• [WORK ITEM]
Print the line containing "Alright, well Paul, I", then every line after it through the end of the material, exactly as written and without pictures.

• [DATASET SECTION]
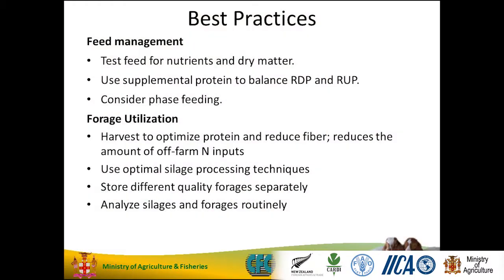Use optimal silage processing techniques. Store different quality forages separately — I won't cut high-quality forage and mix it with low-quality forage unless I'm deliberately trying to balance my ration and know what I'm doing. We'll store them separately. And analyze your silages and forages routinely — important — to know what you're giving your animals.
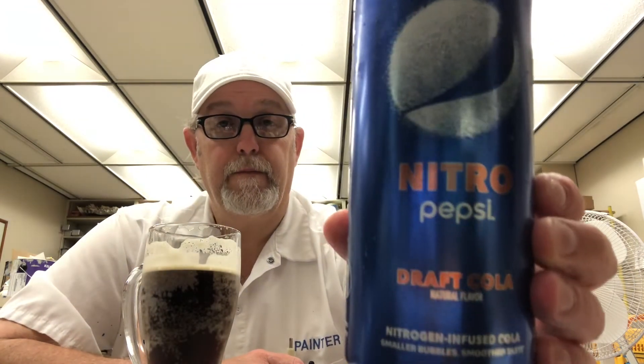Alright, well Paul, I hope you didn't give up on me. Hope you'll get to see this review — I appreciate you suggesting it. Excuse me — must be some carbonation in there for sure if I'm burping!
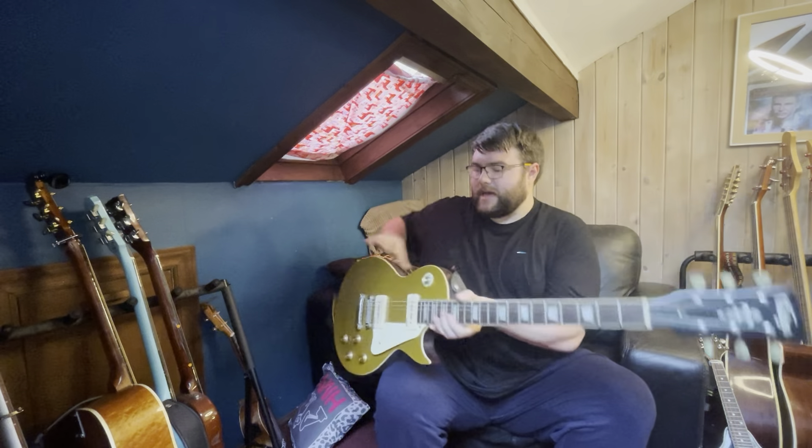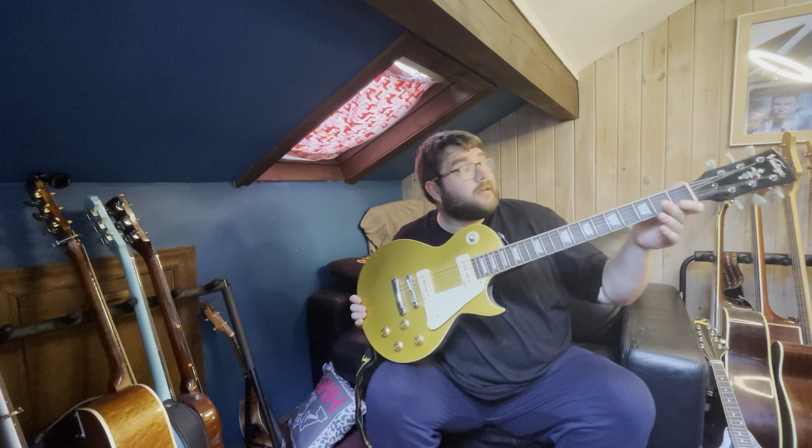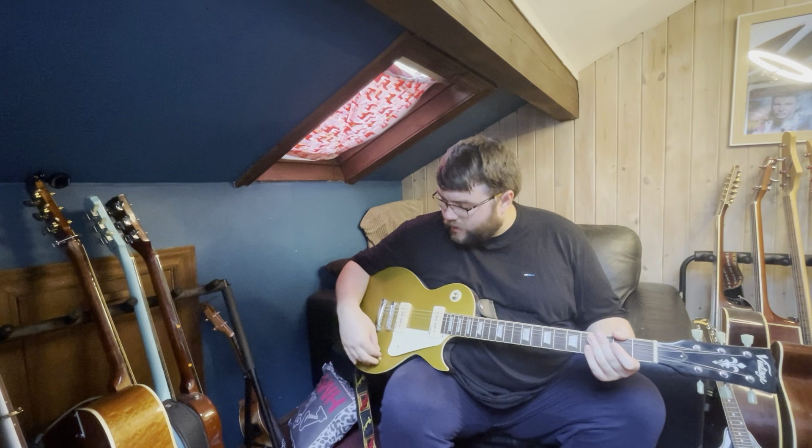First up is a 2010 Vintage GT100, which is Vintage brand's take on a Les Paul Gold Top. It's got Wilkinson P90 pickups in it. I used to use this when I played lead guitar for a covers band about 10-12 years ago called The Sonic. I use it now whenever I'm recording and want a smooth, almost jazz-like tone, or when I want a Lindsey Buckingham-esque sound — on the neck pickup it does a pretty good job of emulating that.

• [THE COMPLETED TASK]
Alright, well Paul, I hope you didn't give up on me. Hope you'll get to see this review — I appreciate you suggesting it. Excuse me — must be some carbonation in there for sure if I'm burping!
First up is a 2010 Vintage GT100, which is Vintage brand's take on a Les Paul Gold Top. It's got Wilkinson P90 pickups in it. I used to use this when I played lead guitar for a covers band about 10-12 years ago called The Sonic. I use it now whenever I'm recording and want a smooth, almost jazz-like tone, or when I want a Lindsey Buckingham-esque sound — on the neck pickup it does a pretty good job of emulating that.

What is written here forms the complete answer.